Paes vê vitória da política, mas diz: 'Bolsonaro também é da política'
Eleito pela terceira vez prefeito do Rio, Eduardo Paes (DEM) vê o crescimento de seu partido e de outras legendas do Centrão como uma "vitória da política". No entanto, rejeita a ideia de que o presidente Jair Bolsonaro —que apoiava a candidatura de Marcelo Crivella (Republicanos), atual prefeito e seu adversário no 2º turno— saiu derrotado do pleito. "Bolsonaro também é da política".
Ao final da primeira semana da transição para seu governo, Paes demonstra confiança de que terá a habilidade para obter apoios no governo federal, sobretudo para lidar com a pandemia do novo coronavírus. Em entrevista ao UOL na tarde desta sexta-feira (4), ele critica o que chamou de radicalismo na discussão sobre medidas de isolamento —"ou é lockdown ou é negacionismo"— e diz que falta racionalidade ao que é adotado hoje por Crivella.
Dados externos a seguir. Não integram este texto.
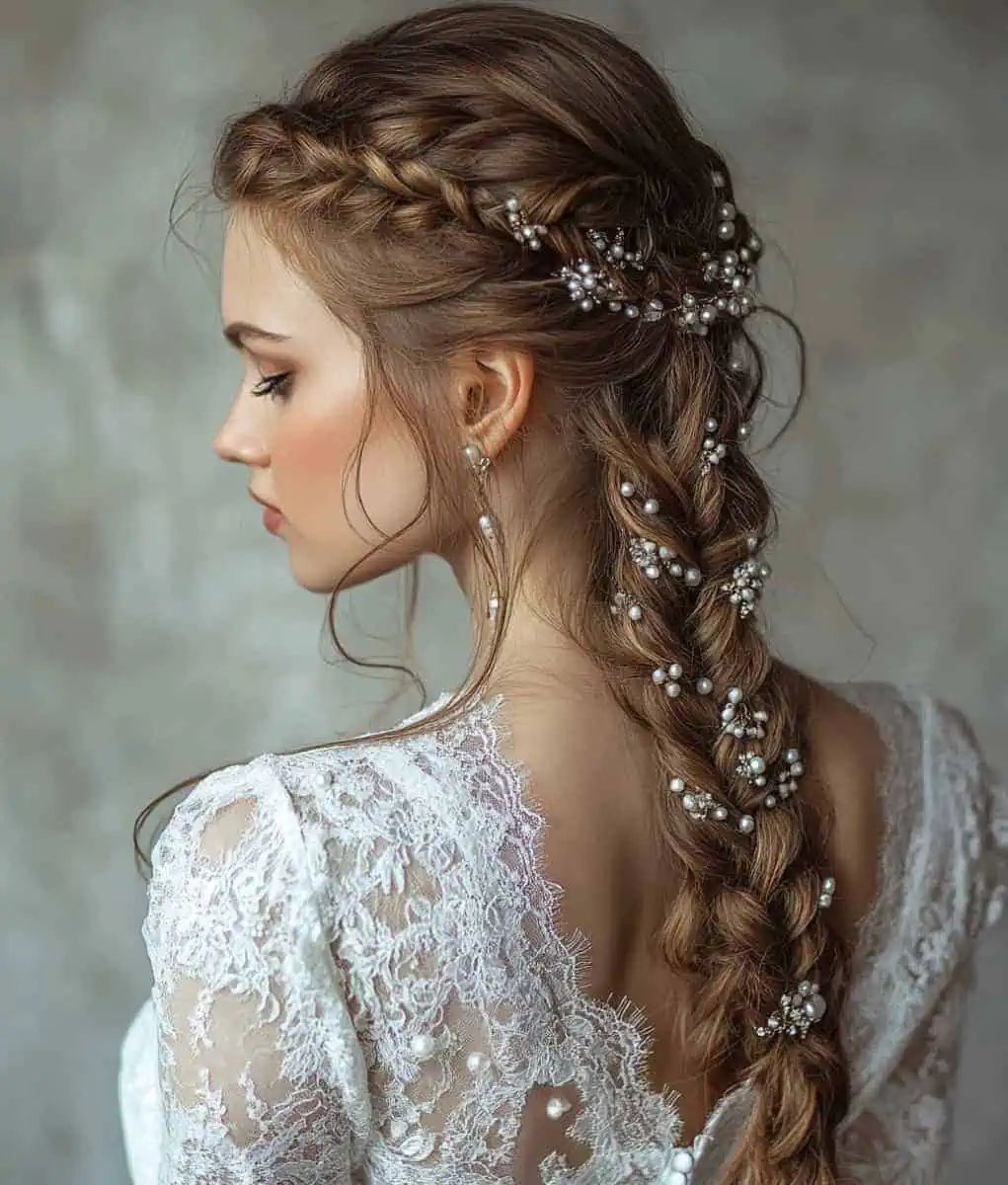 Romantic Cascading Braid with Pearls — Winter Wedding Hairstyles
"Vou respeitar o que a ciência disser, mas eu não consigo entender ter shopping, academia, restaurantes e bares abertos, e a escola sem funcionar", diz.
Paes conversou com o UOL em uma ampla sala no prédio da Firjan (Federação das Indústrias do Rio), que vem funcionando como seu gabinete até a posse. Sua equipe ocupa o segundo andar do prédio localizado no centro, a minutos de caminhada da Cinelândia e do Aeroporto Santos Dumont.
UOL - O senhor assume o governo com a cidade em uma situação difícil, como déficit nas contas públicas e uma pandemia. Qual marca pretende deixar nessa gestão?
Eduardo Paes - A razão de eu ter sido candidato a prefeito tem muito a ver com a situação da cidade. O Rio não aguentaria mais quatro anos de Crivella. É óbvio que será um cenário difícil, mas tenho muito otimismo na minha capacidade de fazer essas mudanças. Não vou fazer um governo conservador, faço questão de dizer isso. Não quero que a gente administre a crise, quero que a gente ouse.
UOL - A gestão Crivella termina com denúncias de corrupção, como o QG da Propina, e de favorecimento de membros da igreja dele. O senhor pretende fazer um pente-fino?
Paes - Certamente. Vamos olhar isso tudo com muita tranquilidade. Tenho dito desde o início do ano para que os fornecedores da prefeitura tomassem cuidado ao fazer as coisas, que fizessem com o devido empenho. Para que os recursos estivessem garantidos.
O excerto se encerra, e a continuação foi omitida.